Work instruction:
Each line from the one holding "Eucalyptus Garland Wedding Ideas We Love" to the last line of the listing must be set down exactly. No pictures are to be included.

↓↓↓

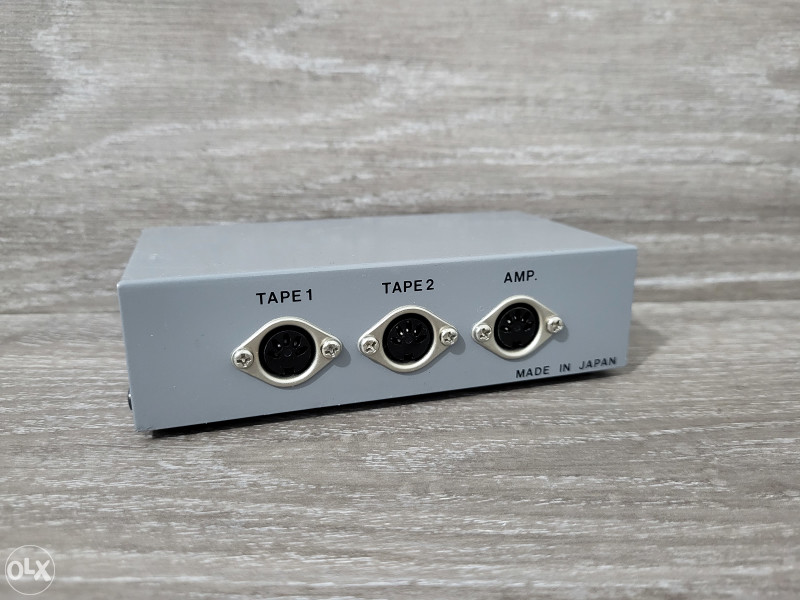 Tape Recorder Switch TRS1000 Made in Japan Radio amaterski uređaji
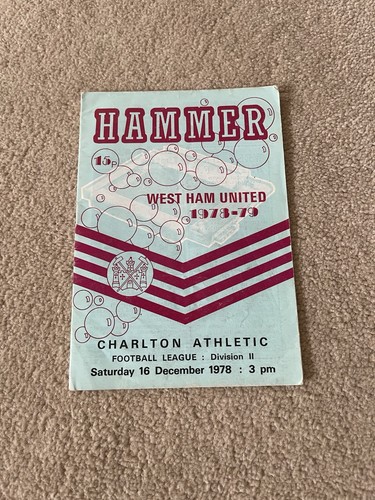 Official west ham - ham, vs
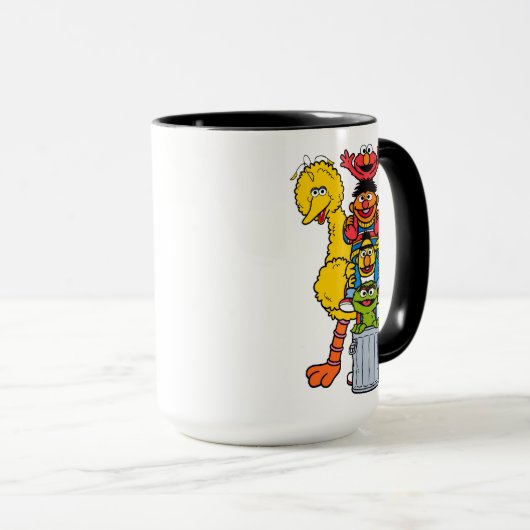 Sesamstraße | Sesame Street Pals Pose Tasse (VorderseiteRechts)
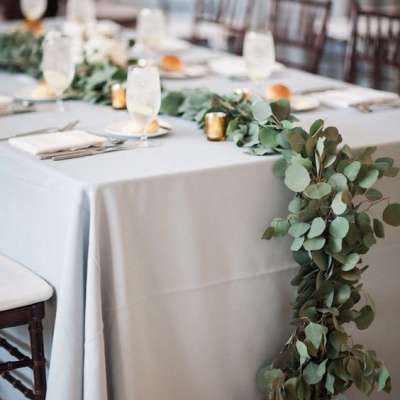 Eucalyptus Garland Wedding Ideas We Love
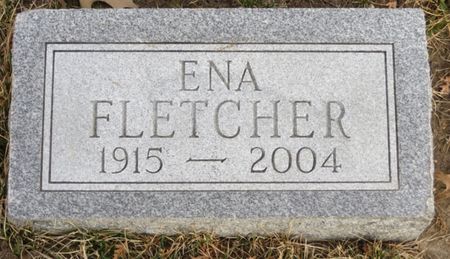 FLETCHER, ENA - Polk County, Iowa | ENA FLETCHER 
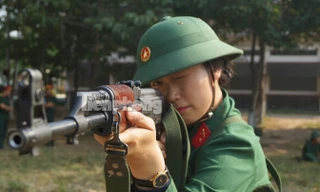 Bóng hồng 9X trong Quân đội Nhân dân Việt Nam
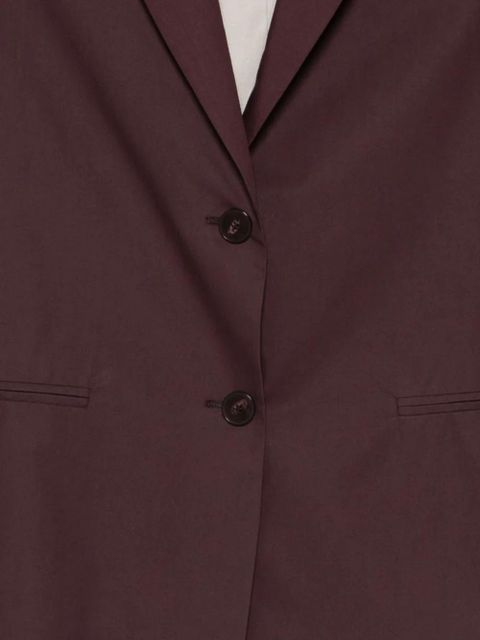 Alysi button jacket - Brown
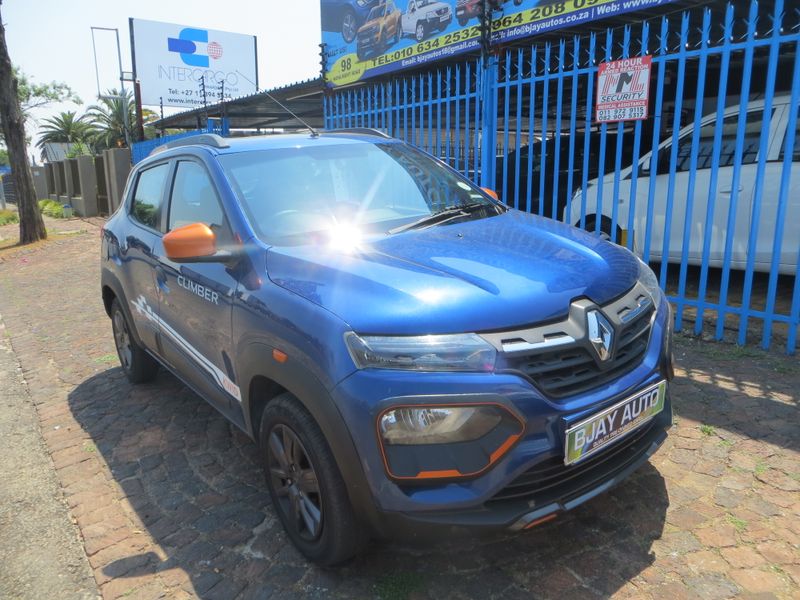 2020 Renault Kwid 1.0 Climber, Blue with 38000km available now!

↑↑↑

Reply:
 Eucalyptus Garland Wedding Ideas We Love
 FLETCHER, ENA - Polk County, Iowa | ENA FLETCHER 
 Bóng hồng 9X trong Quân đội Nhân dân Việt Nam
 Alysi button jacket - Brown
 2020 Renault Kwid 1.0 Climber, Blue with 38000km available now!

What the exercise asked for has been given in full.